Poi abbiamo cominciato a lavorare sull’aspetto estetico dell’individuo. Nasi irregolari. Zigomi troppo pronunciati. Occhi troppo neri. Occhi troppo blu. Occhi troppo poco neri, o troppo poco blu.
Poi l’ingegneria genetica si è rivelata missione sociale dai precisi risvolti etici. Abbiamo iniziato a costruire un’ipotesi di genoma che si adattasse dinamicamente alla figura professionale del manovale. Dell’infermiera. Dell’avvocato. Dell’operaio. Del notaio. Del barista. Del tassista.

Davanti a noi c’era il risultato di decine di anni di sperimentazione genetica ad opera del governo. La programmazione economica era tale, per cui davanti a noi sedeva (e guidava) l’esito del piano quinquennale del Governo. “Abbiamo bisogno di tassisti?” 

Colui che ci guidava verso il nulla rappresentava, nella carne, una risposta a una domanda calataci dall’alto.    

Oltre

la strada, un coreografo di arcobaleni distopici segna ilsentiero tra l’olografia e la sensazione postumana.

Musica nell’aria

E nel taxi una musica ristagna segreta. E’ il silenzio di note già sfiorate.

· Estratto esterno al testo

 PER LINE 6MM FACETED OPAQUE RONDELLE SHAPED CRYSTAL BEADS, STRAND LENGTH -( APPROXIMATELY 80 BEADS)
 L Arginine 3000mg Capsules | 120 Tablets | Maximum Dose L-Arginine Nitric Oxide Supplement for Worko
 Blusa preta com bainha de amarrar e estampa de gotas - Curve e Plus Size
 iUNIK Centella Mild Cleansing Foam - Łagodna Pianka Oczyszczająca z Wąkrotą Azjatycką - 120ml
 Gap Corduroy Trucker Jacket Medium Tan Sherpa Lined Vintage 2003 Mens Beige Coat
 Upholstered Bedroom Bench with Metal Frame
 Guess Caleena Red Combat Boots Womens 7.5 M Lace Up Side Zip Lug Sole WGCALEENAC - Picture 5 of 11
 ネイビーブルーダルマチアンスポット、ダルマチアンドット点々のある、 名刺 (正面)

E’ il profumo che si appiccica sulla pelle e resta impregnato del sapore di sudore. E’ il sasso che viene trascinato su un monte e che cade. Cade. Cade. Cade. Cade. Infinite volte. E’ il destino. E la metafora.

(Logos)

Non sento le sue parole

Non sento le sue parole, odo solo rumori ma il taxista è indefferente alla mia indifferenza e contina a parlare. Delle sue parole resta sintetica memoria nelle pareti scrostate del taxi.

“Gialla. La realtà è gialla e il tempo pare verde. Non lo vede? Lì.. guardì lì… non vede la curva del nulla che si addensa in nubi violacee? Lei è qui, io sono qui, siamo in un medesimo istante ripeturo. Rosso. Il delirio è rosso e lo spazio è deformato. L’ovunque. Sento il senso dell’ovunque. Miriadi di stelle ancorate a cieli danzanti su sipari neri. Mi ascolta?! Non capisce ciò che le sto dicendo? Mi sente? Fiumi di silicio liquido e maleodorante, marrone deriva di liquami verdastri. Vi immerga la mano. E’ freddo. E’ vivo. Mi sente? Capisce? Mi ascolta?!!!”

Io continuai a non ascoltare, non udivo nulla. E il Senso delle parole del taxista si perse lungo l’asfalto su cui stavami correndo, e con esso io persi la Verità. Non mi accorsi neppure di esserne stato sfiorato.

(Logos)

Piango. Le linee della strada si sovrappongono ai riflessi prodotti dalle lacrime. Una forza inumana spinge i miei bulbi oculari verso l’esterno, pulsando, espandendo e restringendo le mie carni come un’esplosione olografica, prima proiettata, poi proiettata ancora, e ancora. La realtà è una lancia di metallo infetto che trapassa l’anima. Il tassista mi parla, ma la sua voce è solo un sordo rumore di fondo.